This will make sure that we can write a pipeline not built yet by the server into the file
* We first build a MONGO_PIPELINE with three stages (this is the same kind of example used in other parts of this notebook)
* We then will feed this pipeline to the file to see how it works

In [23]:
def build_pipeline_step(output_col, mongo_query):
    return {
        'output_domain': output_col,
        'query' : [mongo_query]
    }

def build_appendy_list(col):
    return [
    { '$match' : { 'domain' : 'purple', 'color' : 'purple' } },
    *append_col_stages(col)
]

PURPLE_LIST = [{ '$match' : { 'domain' : 'test_data', 'color' : 'purple', 'number' : { '$lte' : 50 } } }]
APPENDY_LIST = build_appendy_list('orange')
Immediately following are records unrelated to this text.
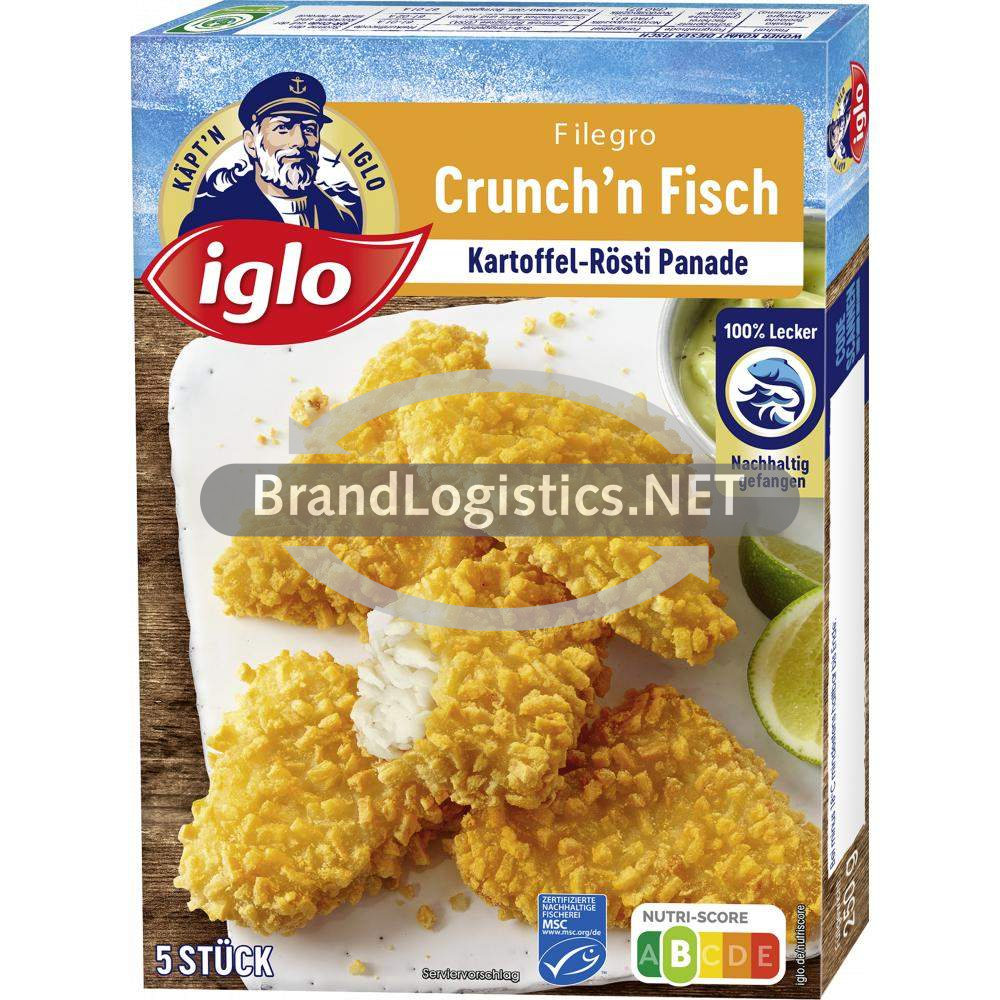 iglo Filegro Crunch'n Fisch 250 g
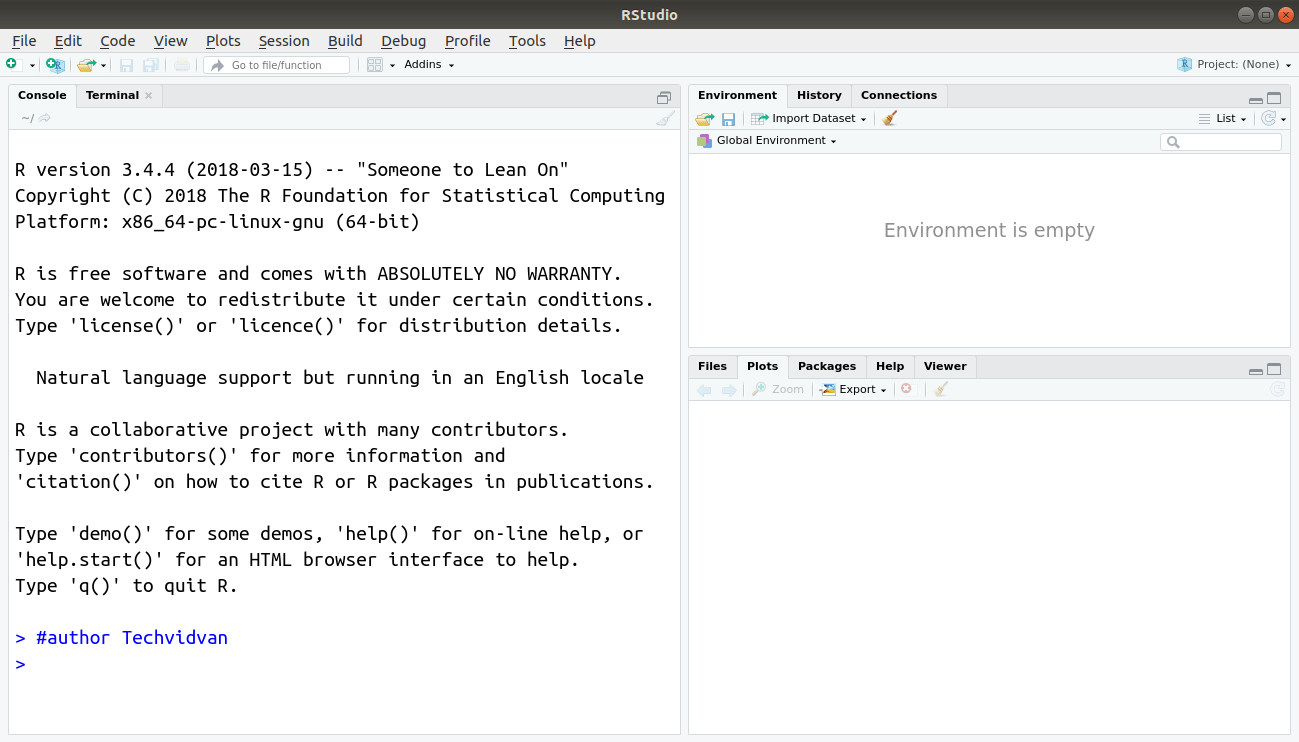 RStudio Tutorial The Basics You Need to Master TechVidvan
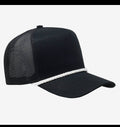 Black Concho Hat
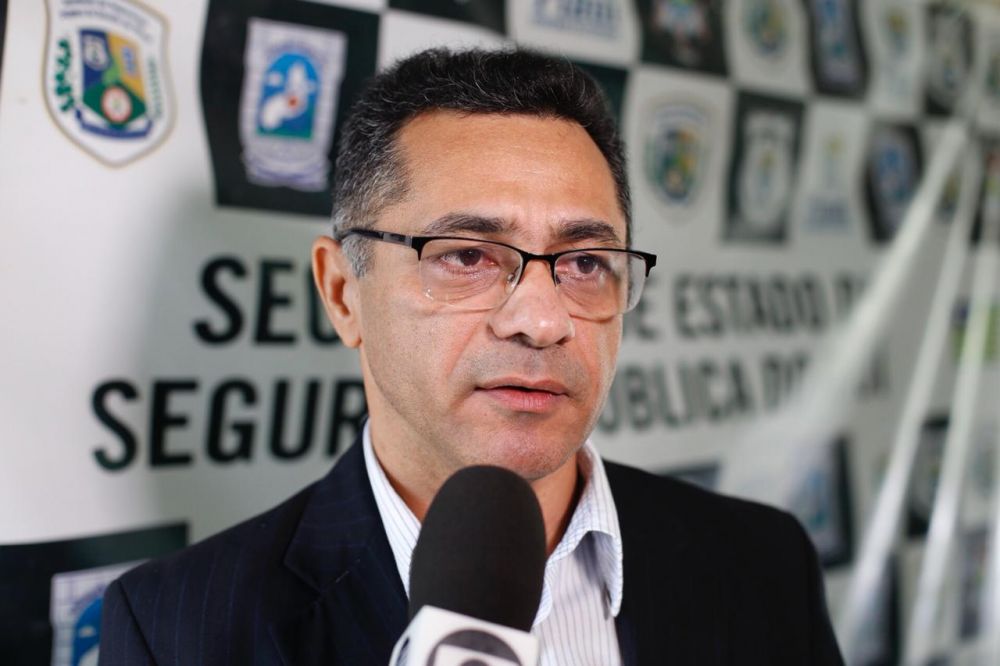 Rubens Pereira que assumiu recentemente a SSP-PI com a desincompatibilização de Fábio Abreu para concorrer à PMT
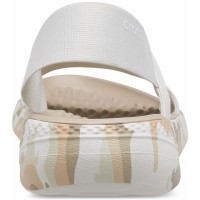 Dámské sandály Crocs LiteRide Printed Camo Stretch Sandal - Almost White [2]
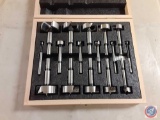 Fisch; Woodworking tools, wave cutter set Drill bits.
def append_col_stages(col):
    return [
        {
            "$group": {
              "_id": None,
              "_vqbPipelineInline": {
                "$push": "$$ROOT"
              }
            }
        },
        {
            "$lookup": {
              "from": col,
              "pipeline": [
                {
                  "$match": {}
                },
                {
                  "$project": {
                    "_id": 0
                  }
                }
              ],
              "as": "_vqbPipelineToAppend_0"
            }
        },
        {
            "$project": {
              "_vqbPipelinesUnion": {
                "$concatArrays": [
                  "$_vqbPipelineInline",
                  "$_vqbPipelineToAppend_0"
                ]
              }
            }
        },
        {
            "$unwind": "$_vqbPipelinesUnion"
        },
        {
            "$replaceRoot": {
              "newRoot": "$_vqbPipelinesUnion"
            }
        },
    ]

TEST_VQB_PIPELINE = [
    {
        'output_domain' : 'purple',
        'query' : PURPLE_LIST
    },
    {
        'output_domain' : 'orange',
        'query' : [
            { '$match' : { 'domain' : 'test_data', 'color' : 'orange', 'number' : { '$gt' : 50 } } }
        ]
    },
    {
        'output_domain' : 'result',
        'query' : APPENDY_LIST
    }
]

TEST_VQB_PIPELINE

[{'output_domain': 'purple',
  'query': [{'$match': {'domain': 'test_data',
     'color': 'purple',
     'number': {'$lte': 50}}}]},
 {'output_domain': 'orange',
  'query': [{'$match': {'domain': 'test_data',
     'color': 'orange',
     'number': {'$gt': 50}}}]},
 {'output_domain': 'result',
  'query': [{'$match': {'domain': 'purple', 'color': 'purple'}},
   {'$group': {'_id': None, '_vqbPipelineInline': {'$push': '$$ROOT'}}},
   {'$lookup': {'from': 'orange',
     'pipeline': [{'$match': {}}, {'$project': {'_id': 0}}],
     'as': '_vqbPipelineToAppend_0'}},
   {'$project': {'_vqbPipelinesUnion': {'$concatArrays': ['$_vqbPipelineInline',
       '$_vqbPipelineToAppend_0']}}},
   {'$unwind': '$_vqbPipelinesUnion'},
   {'$replaceRoot': {'newRoot': '$_vqbPipelinesUnion'}}]}]

In [90]:
write_pipeline(TEST_VQB_PIPELINE, 'etl_config.cson')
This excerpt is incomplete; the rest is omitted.